日経BP総研が運営するウェブサイト「新・公民連携最前線」が、全国の市町区村を対象に実施した「健康づくりと介護予防や病気予防に関する取り組み度調査」。このうち、<カテゴリー3>(新しい取り組み)の設問(全19項目)について、各設問ごとの集計・分析結果(全体・エリア別・人口規模別 )を公表する。このカテゴリーでは、デジタル化(データヘルス計画の取り組み)、部署間連携、病院などとの連携、住民のインセンティブ向上、フレイル予防、小児生活習慣病の予防健診など、これから推進していくべきと思われる施策の取り組み状況について聞いた。

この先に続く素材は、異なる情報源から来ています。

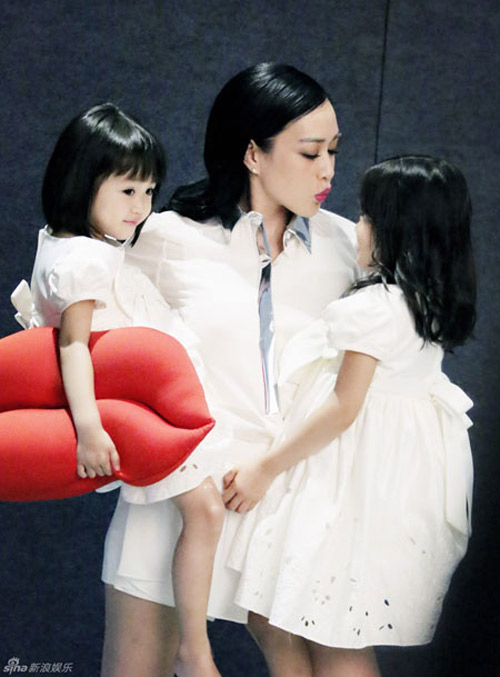 Con gái Chung Lệ Đề càng lớn càng xinh - 6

第2期データヘルス計画の取り組み:策定は昨年度8割超、今年度に約15%

(3-1)平成30年度に第2期データヘルス計画*を策定・スタートしていますか/させる予定ですか(回答数398)。

(出所:日経BP総研)

 全体で見ると、「平成29年度内に策定した」が80.4%となり、8割超が昨年度に策定済み。「平成30年度に策定した/平成30年度中に策定予定である」との回答は14.8%となり、約15%が今年度中の策定となった。「平成31年度中に策定予定である」は2.0%、「具体的な策定の予定はない」は2.8%である。その結果、今年度中に95%以上、31年度中には97%以上が策定を完了する見通しだ。

(出所:日経BP総研)

 エリア別に取り組み状況を見ると、九州・沖縄と中国・四国の取り組みが先行している。九州・沖縄は平成29年度の策定が85.5%、平成30年度が14.5%であり、今年度中に100%達成となる。同様に中国・四国も、平成29年度85%、平成30年度15%であり、今年度100%達成という結果となった。人口規模別に見ると、平成29年度中の策定率では人口20万人~50万人未満の自治体が最も高く(91.5%)、平成29年度と30年度中の実施を合計すると5万人~20万人未満の自治体が最も高かった(98.0%)。

 栃木県日光市は、「第1期および第2期データヘルス計画において、日光市民の多発疾病は『高血圧性疾患』によるものが一番多く、介護予防や医療費削減の観点からも日光市の優先課題となっている」という。そこで同市は「尿中塩分測定事業」に力を入れる。高血圧性疾患の発病予防のためには、自身の健康状態を正しく把握し、状況に応じて生活習慣の見直し、改善することが必要となる。そこで特に重要となる食事内容の振り返りをするために、特定保健指導時に尿中塩分量測定を実施し、自身の1日の塩分摂取量を知ることで減塩の動機付けの機会をつくる。

*データヘルス計画は、健康・医療情報を活用してPDCAサイクルに沿った効果的かつ効率的な保健事業の実施を目的に策定する計画で、厚生労働省が推進している。平成29年度からは、第2期(平成30~35年度)を計画期間とするデータヘルス計画の策定が始まっている。